■ WORK TASK: A precise copy of the data is required, with every picture left out.
+ + + + +
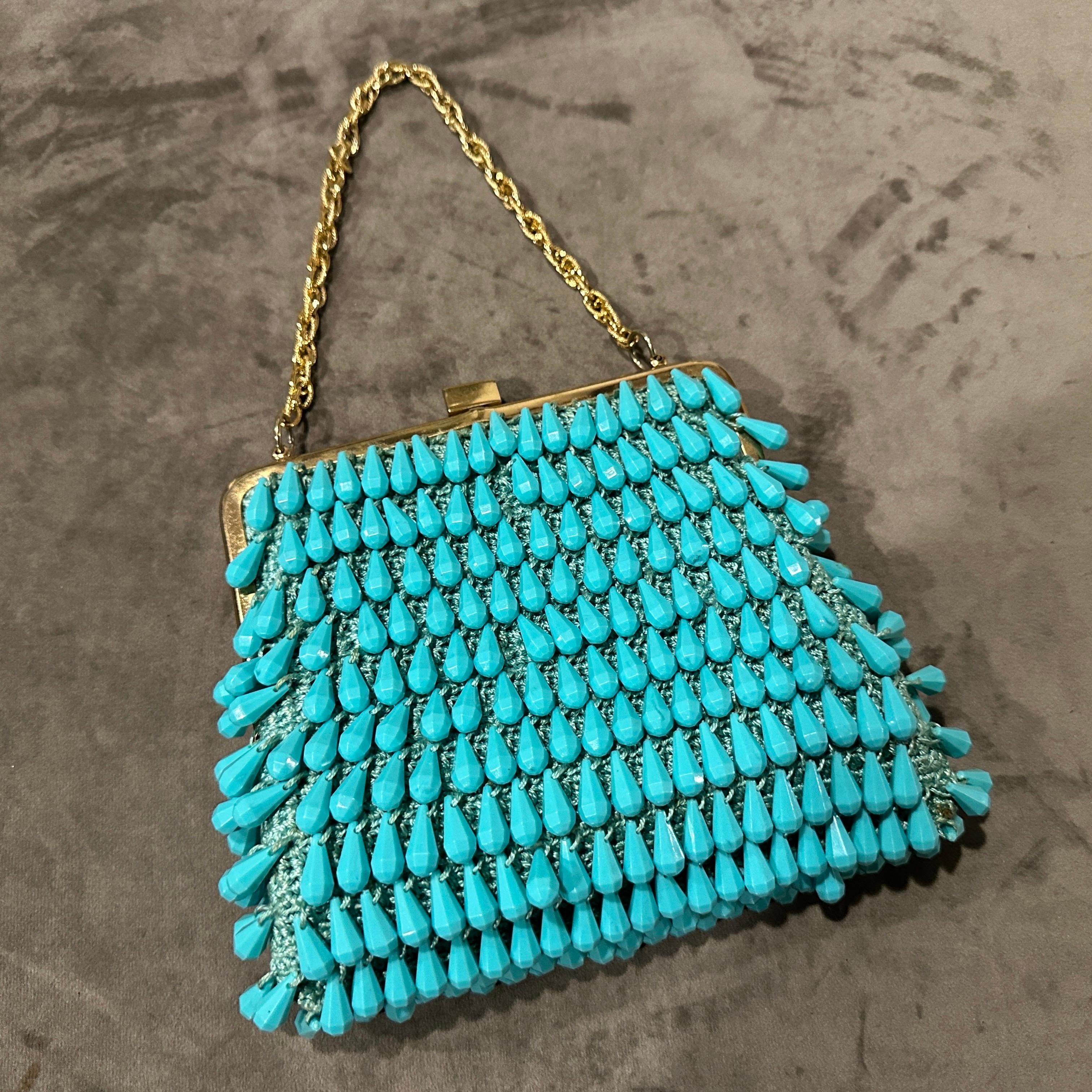 This exquisite vintage evening bag is a true testament to the glamour and craftsmanship of 1960s Italian design.  It's a captivating piece that combines vibrant turquoise resin with elegant brass accents, creating a luxurious and eye-catching
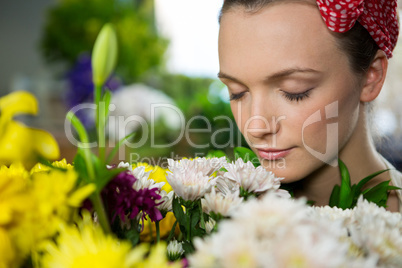 Female florist smelling a bunch of flower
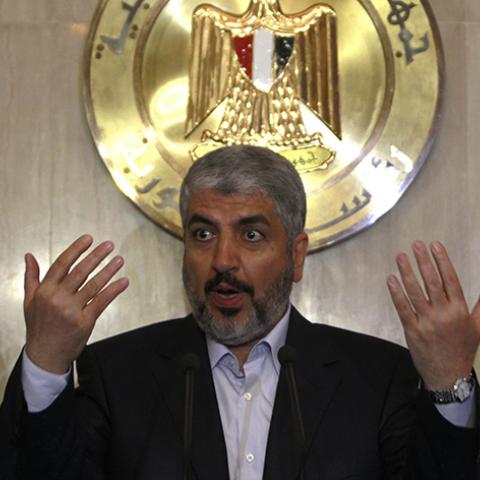 Hamas leader Khaled Meshaal (C) speaks during a news conference with Hamas delegates after their meeting with Egypt's President Mohamed Mursi at the presidential palace in Cairo July 19, 2012. REUTERS/Amr Abdallah Dalsh  (EGYPT - Tags: POLITICS) - RTR352XW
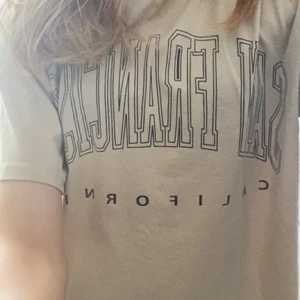 Oversized tshisrt  - Säljer denna beiga tröjan med text köpt förra året men andvönd fåtal ggr💗 är i XS men den är oversized så passar även S-M💗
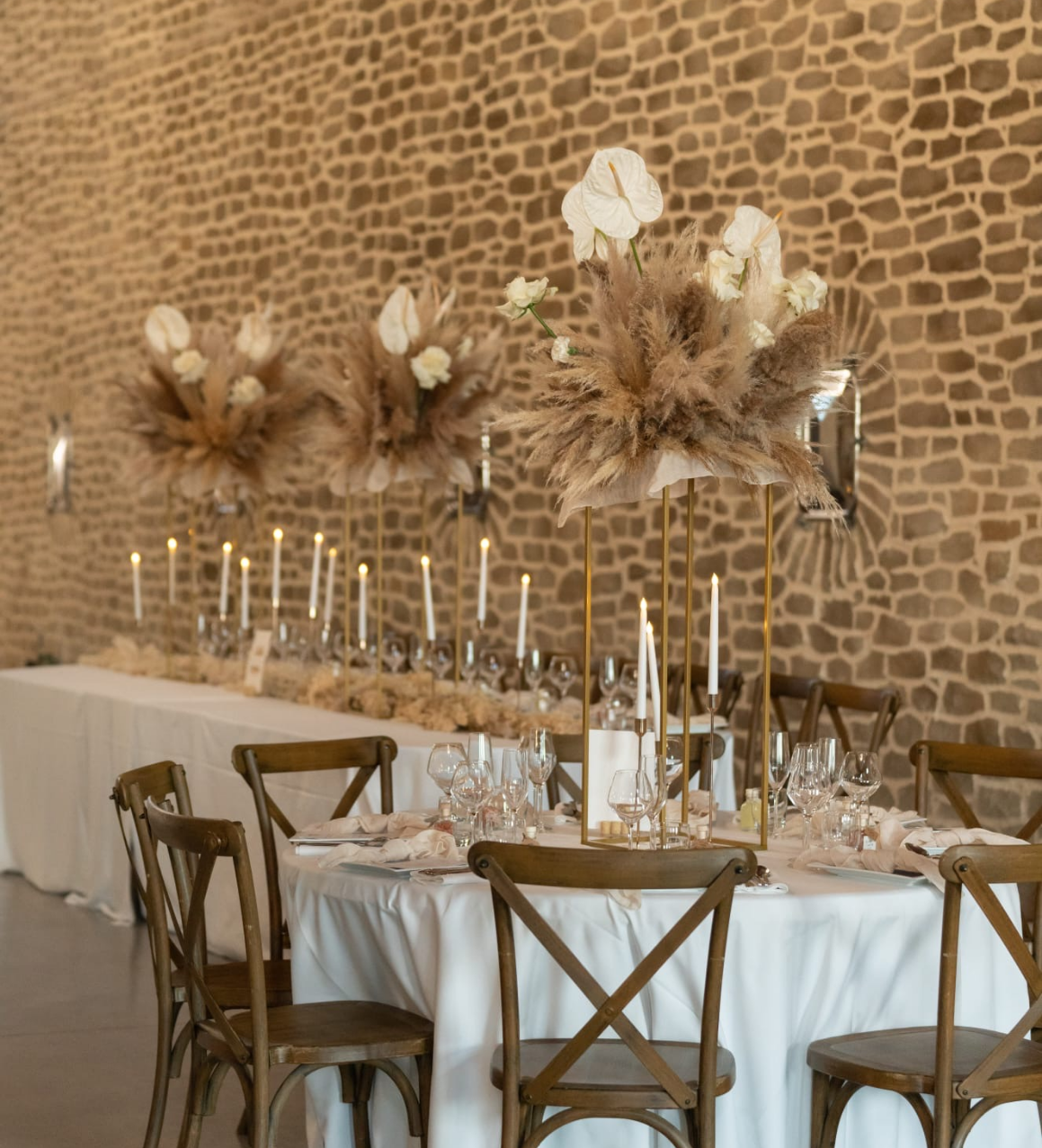 Décoration de table de mariage raffinée avec centre de table haut, structure métal, fleurs en pampa, roses et anthuriums, bougies dorées et papeterie personnalisée, imaginée par A&L Events pour une réception élégante.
+ + + + +
■ RESPONSE FOR THIS EXERCISE:
 This exquisite vintage evening bag is a true testament to the glamour and craftsmanship of 1960s Italian design.  It's a captivating piece that combines vibrant turquoise resin with elegant brass accents, creating a luxurious and eye-catching
 Female florist smelling a bunch of flower
 Hamas leader Khaled Meshaal (C) speaks during a news conference with Hamas delegates after their meeting with Egypt's President Mohamed Mursi at the presidential palace in Cairo July 19, 2012. REUTERS/Amr Abdallah Dalsh  (EGYPT - Tags: POLITICS) - RTR352XW
 Oversized tshisrt  - Säljer denna beiga tröjan med text köpt förra året men andvönd fåtal ggr💗 är i XS men den är oversized så passar även S-M💗
 Décoration de table de mariage raffinée avec centre de table haut, structure métal, fleurs en pampa, roses et anthuriums, bougies dorées et papeterie personnalisée, imaginée par A&L Events pour une réception élégante.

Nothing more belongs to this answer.